Mideast Quartet Discusses Way Forward on Peace Process

Israeli and Palestinian protesters with their respective flags (file photo montage)
Israeli and Palestinian protesters with their respective flags (file photo montage)
Lisa Bryant

Two weeks after Palestinian President Mahmoud Abbas formally applied for statehood recognition at the United Nations, envoys of the so-called Middle East peace Quartet met in Brussels Sunday to plot a way forward. The talks came as one U.N. agency appears to be heading toward recognizing full Palestinian membership.

The Brussels talks among members of the Middle East Quartet - the United States, Russia, the United Nations and the European Union - follow its call in September for stalled peace negotiations between Israelis and Palestinians to resume within 30 days. The Quartet wants the two sides to reach a deal next year.

The Middle East peace process was top news at the United Nations General Assembly meetings in New York last month, when Palestinian leader Mahmoud Abbas formally applied to the Security Council for full U.N. membership. The United States has threatened to veto the bid, arguing that Palestinian statehood can only be achieved through direct peace talks with Israel. But in a September interview with the BBC, the Quartet's special representative Tony Blair sounded an optimistic note.

"Although there's a lot of sound and fury [and] obviously strong rhetoric in the General Assembly, there's also a very strong belief on the part of the international community that now is the time to get back to negotiations without pre-conditions."

Blair said the Quartet members are close to agreeing on details of peace negotiations.

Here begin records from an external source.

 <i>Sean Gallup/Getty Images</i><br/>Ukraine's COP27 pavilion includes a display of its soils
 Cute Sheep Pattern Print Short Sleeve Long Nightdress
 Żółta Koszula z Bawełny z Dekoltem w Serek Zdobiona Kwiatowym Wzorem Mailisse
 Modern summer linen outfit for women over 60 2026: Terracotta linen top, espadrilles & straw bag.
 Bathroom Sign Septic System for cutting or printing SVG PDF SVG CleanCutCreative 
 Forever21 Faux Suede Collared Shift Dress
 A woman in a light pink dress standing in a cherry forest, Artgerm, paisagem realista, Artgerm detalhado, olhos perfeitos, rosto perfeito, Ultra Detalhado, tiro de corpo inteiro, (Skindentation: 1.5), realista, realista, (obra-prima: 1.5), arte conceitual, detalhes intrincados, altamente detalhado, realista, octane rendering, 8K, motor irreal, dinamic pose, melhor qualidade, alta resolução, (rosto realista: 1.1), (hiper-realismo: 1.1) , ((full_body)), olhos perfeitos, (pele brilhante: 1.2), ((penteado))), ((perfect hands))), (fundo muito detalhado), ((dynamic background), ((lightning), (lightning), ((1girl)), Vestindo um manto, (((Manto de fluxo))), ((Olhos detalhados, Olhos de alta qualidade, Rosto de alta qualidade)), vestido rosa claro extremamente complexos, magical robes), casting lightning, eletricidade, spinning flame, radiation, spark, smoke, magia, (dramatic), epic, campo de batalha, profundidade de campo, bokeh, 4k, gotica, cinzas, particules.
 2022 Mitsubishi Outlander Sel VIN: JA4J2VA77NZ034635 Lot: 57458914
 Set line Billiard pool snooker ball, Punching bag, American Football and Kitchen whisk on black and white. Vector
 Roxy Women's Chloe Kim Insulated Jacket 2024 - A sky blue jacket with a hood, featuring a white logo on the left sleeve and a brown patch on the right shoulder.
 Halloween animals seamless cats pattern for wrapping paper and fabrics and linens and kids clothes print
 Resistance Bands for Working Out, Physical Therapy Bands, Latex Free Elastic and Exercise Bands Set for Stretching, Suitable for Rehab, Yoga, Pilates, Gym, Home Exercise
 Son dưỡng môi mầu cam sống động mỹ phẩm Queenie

He said that would make it easier to bridge differences between Palestinians and Israelis once they actually sit down for talks.

But analyst Yossi Mekelberg, of the policy institute Chatham House and Regents College in London, says the Quartet has failed to forcefully push the two sides toward a peace settlement that includes all the major sticking points.

"If they can't actually make their will happen, who would? Either they come not only with another declaration but a timetable - set what the Quartet wants - and tell the Palestinians and Israelis…are you serious about it?.. if you're serious about it, really become serious about it."

Mekelberg also believes the Quartet needs to offer specific carrots and sticks to move the process forward.

"We are ready to support you. We'll finance any peace agreements [that] will be costly. We'll deal with the diplomatic implications of dealing with the refugees. We'll deal with the security issues …we'll provide you with all of this, if you're serious. But we'll also tell you what's going to happen if you're not serious."

U.S. President Barack Obama faces an election year in 2012, further complicating chances of reaching a meaningful peace agreement. But in Paris, the Palestinian push for recognition gained traction last week, when the board of the United Nations Educational, Scientific and Cultural Organization agreed to vote on Palestinian membership later this month.